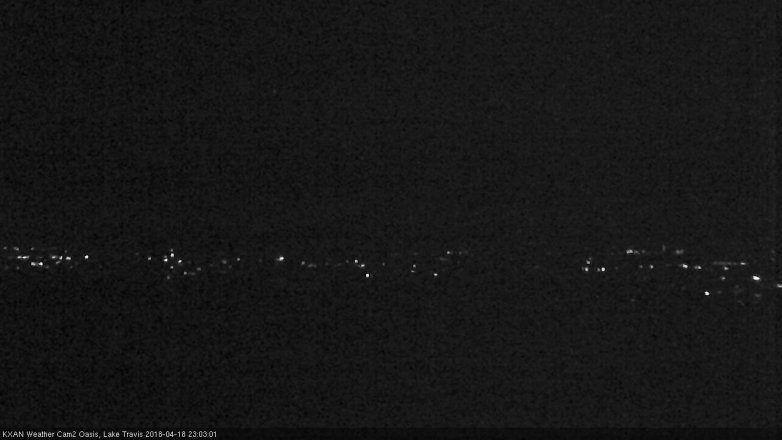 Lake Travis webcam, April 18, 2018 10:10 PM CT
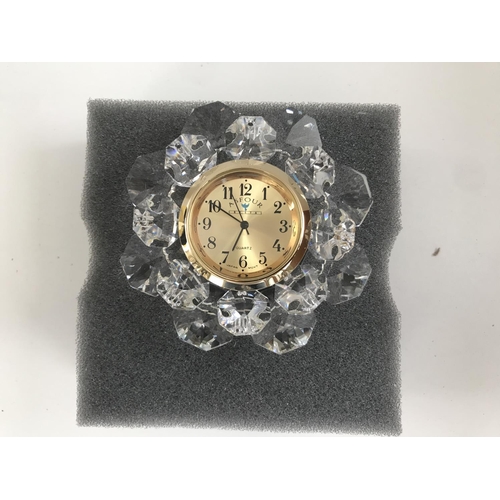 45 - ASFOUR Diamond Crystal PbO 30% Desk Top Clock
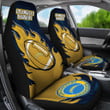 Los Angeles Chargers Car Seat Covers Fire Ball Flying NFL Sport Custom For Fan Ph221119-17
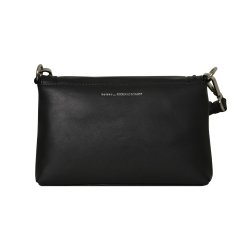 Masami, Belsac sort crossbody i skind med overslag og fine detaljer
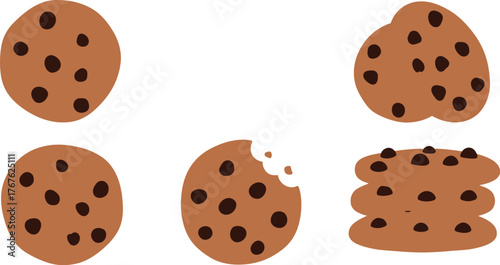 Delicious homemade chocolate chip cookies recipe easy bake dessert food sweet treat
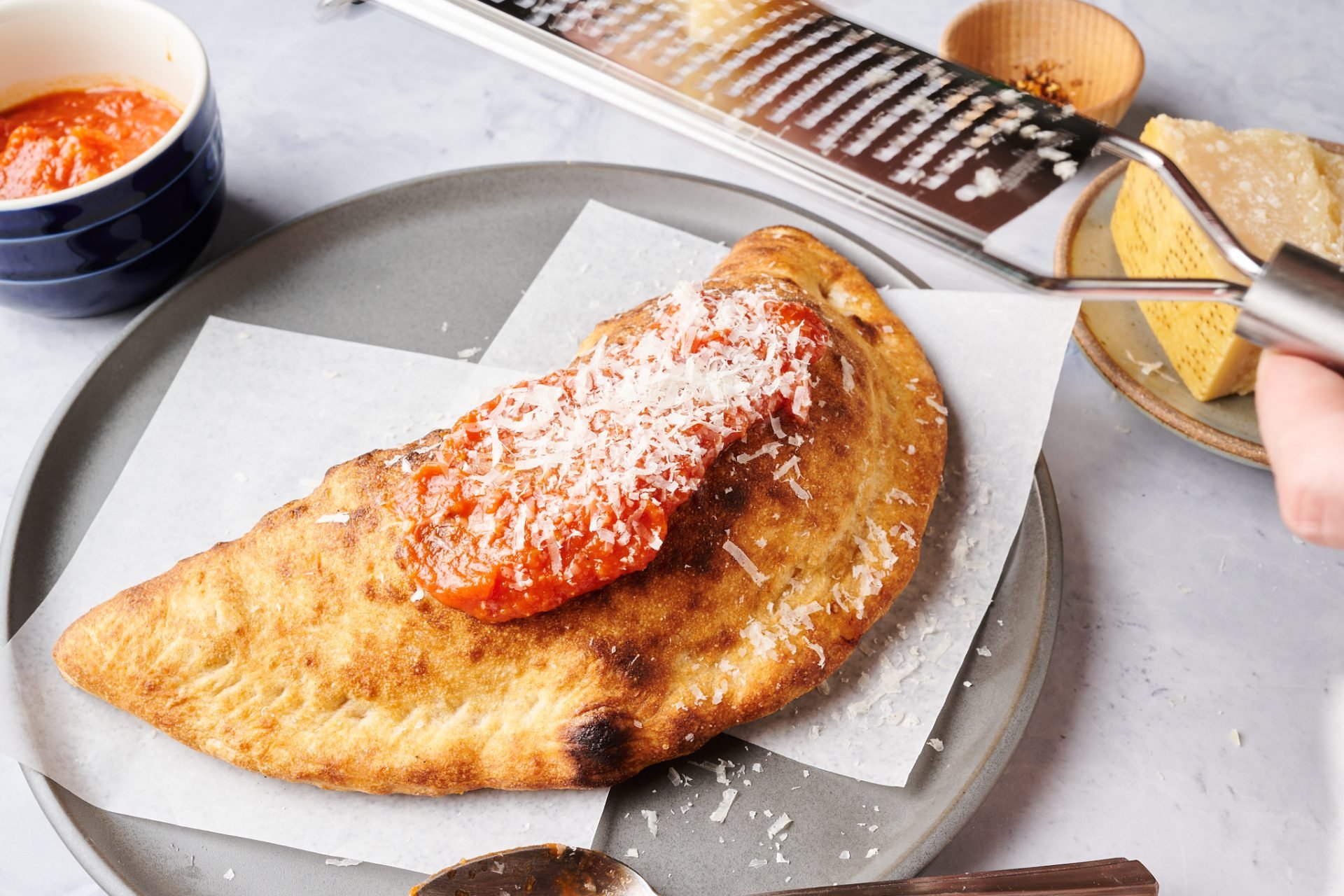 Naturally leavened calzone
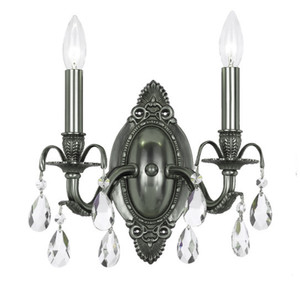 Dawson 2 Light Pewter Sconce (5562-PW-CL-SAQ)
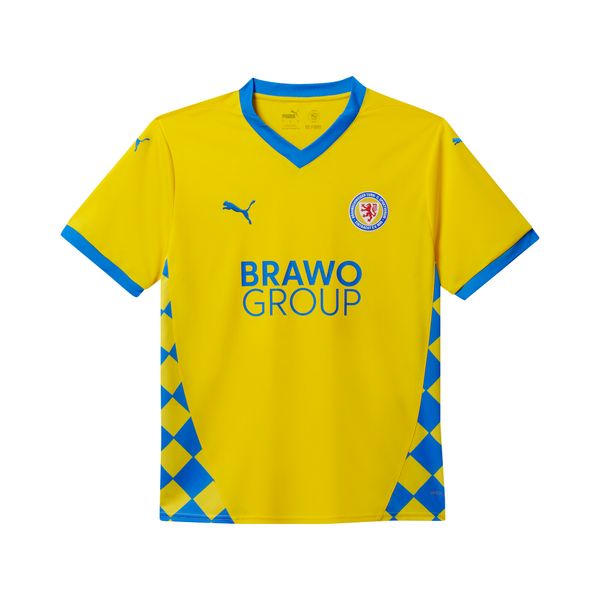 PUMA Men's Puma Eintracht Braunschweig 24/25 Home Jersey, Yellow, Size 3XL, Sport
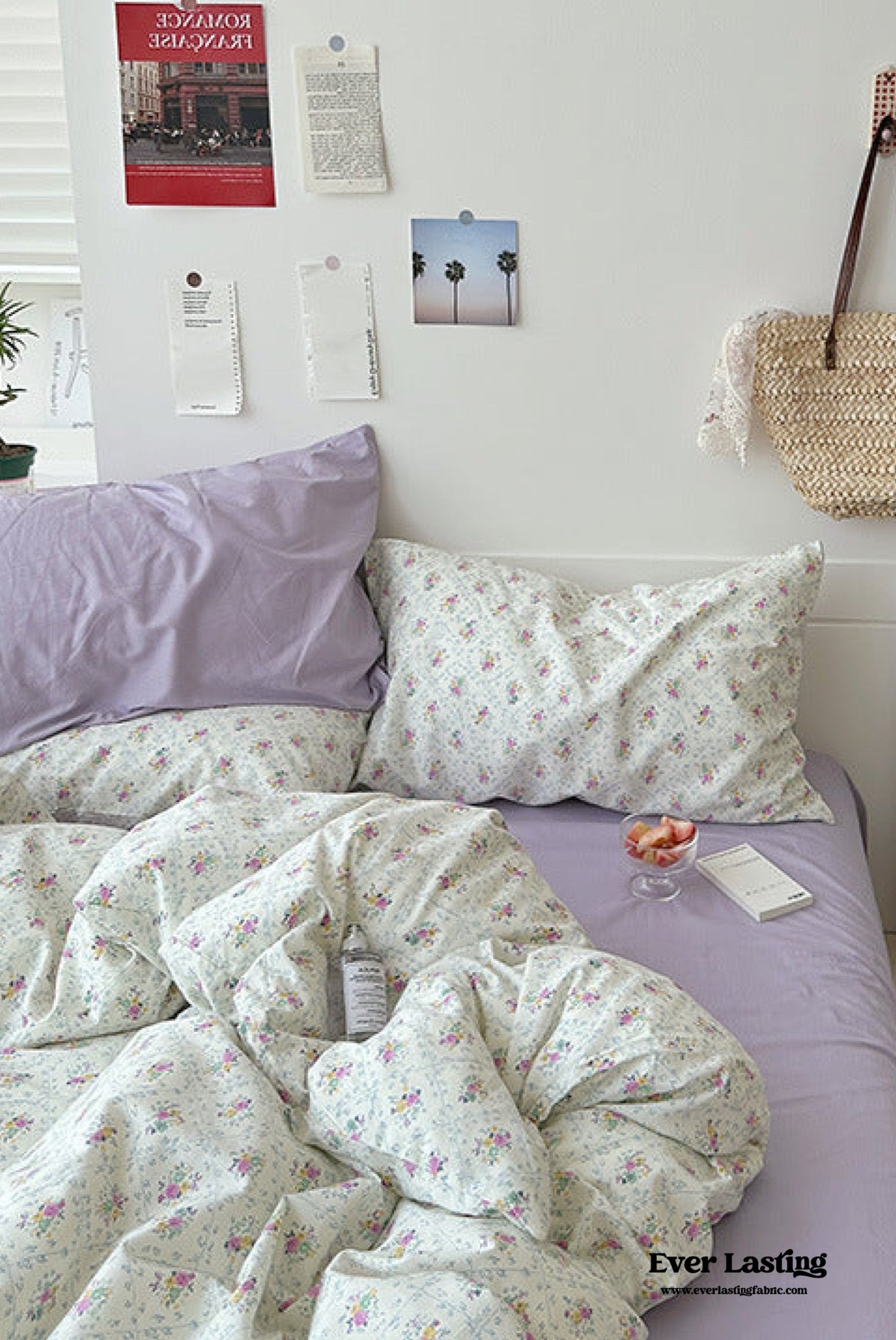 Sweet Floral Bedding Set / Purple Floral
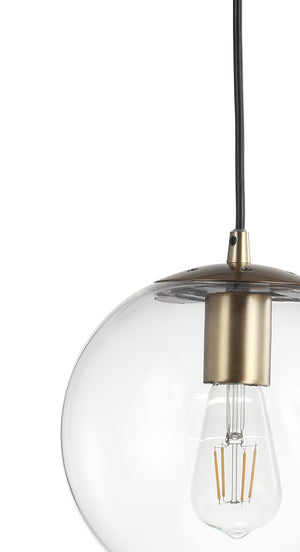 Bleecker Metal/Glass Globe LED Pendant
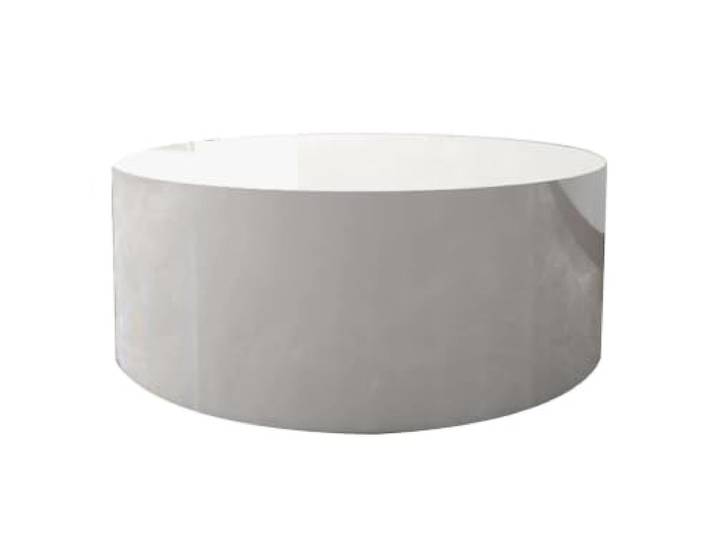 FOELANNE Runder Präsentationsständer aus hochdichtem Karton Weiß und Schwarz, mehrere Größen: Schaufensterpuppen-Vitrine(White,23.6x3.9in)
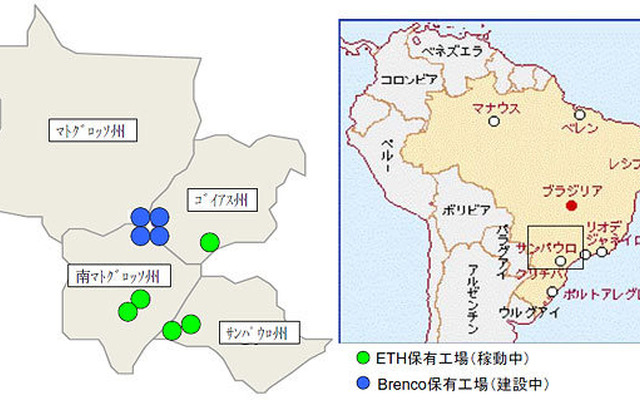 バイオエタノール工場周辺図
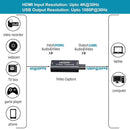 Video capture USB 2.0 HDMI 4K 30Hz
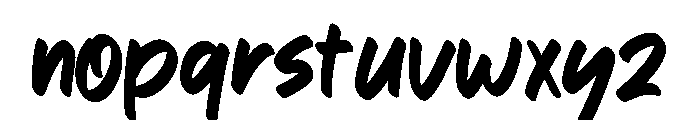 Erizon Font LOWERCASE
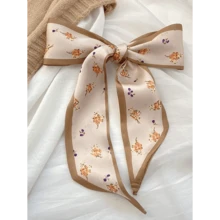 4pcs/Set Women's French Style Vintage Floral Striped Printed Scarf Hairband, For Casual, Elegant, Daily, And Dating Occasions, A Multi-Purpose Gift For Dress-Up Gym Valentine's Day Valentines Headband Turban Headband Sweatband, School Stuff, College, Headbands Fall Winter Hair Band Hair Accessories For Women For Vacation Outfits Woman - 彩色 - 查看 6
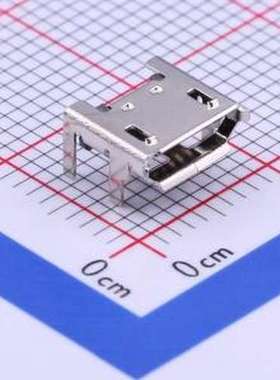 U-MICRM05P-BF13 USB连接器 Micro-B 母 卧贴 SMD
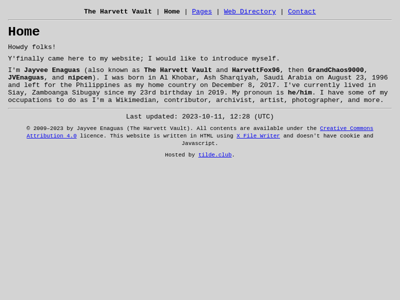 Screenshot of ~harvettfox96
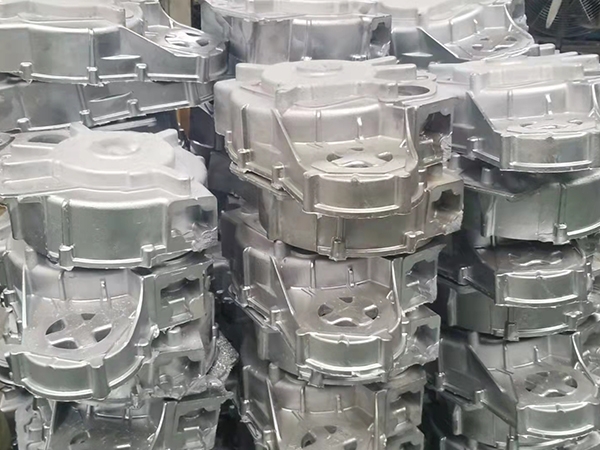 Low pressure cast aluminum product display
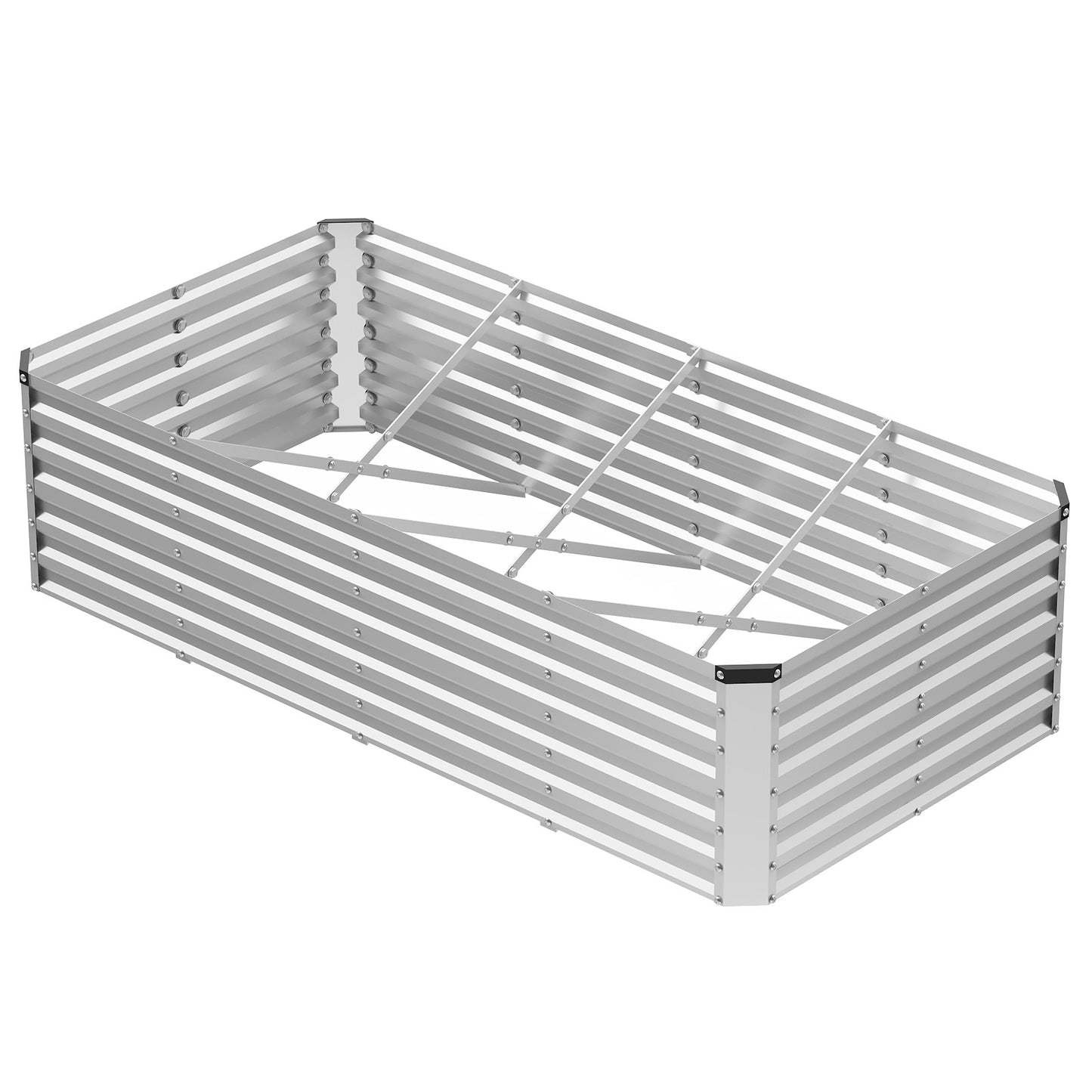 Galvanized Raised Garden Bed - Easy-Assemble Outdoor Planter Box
.....
TASK REQUIREMENTS:
Please return the material above only from the line that holds "Video capture USB 2.0 HDMI 4K 30Hz" through the line that holds "Erizon Font LOWERCASE", exactly as it stands, ends included and pictures omitted.

YOUR SOLUTION:
 Video capture USB 2.0 HDMI 4K 30Hz
 Erizon Font LOWERCASE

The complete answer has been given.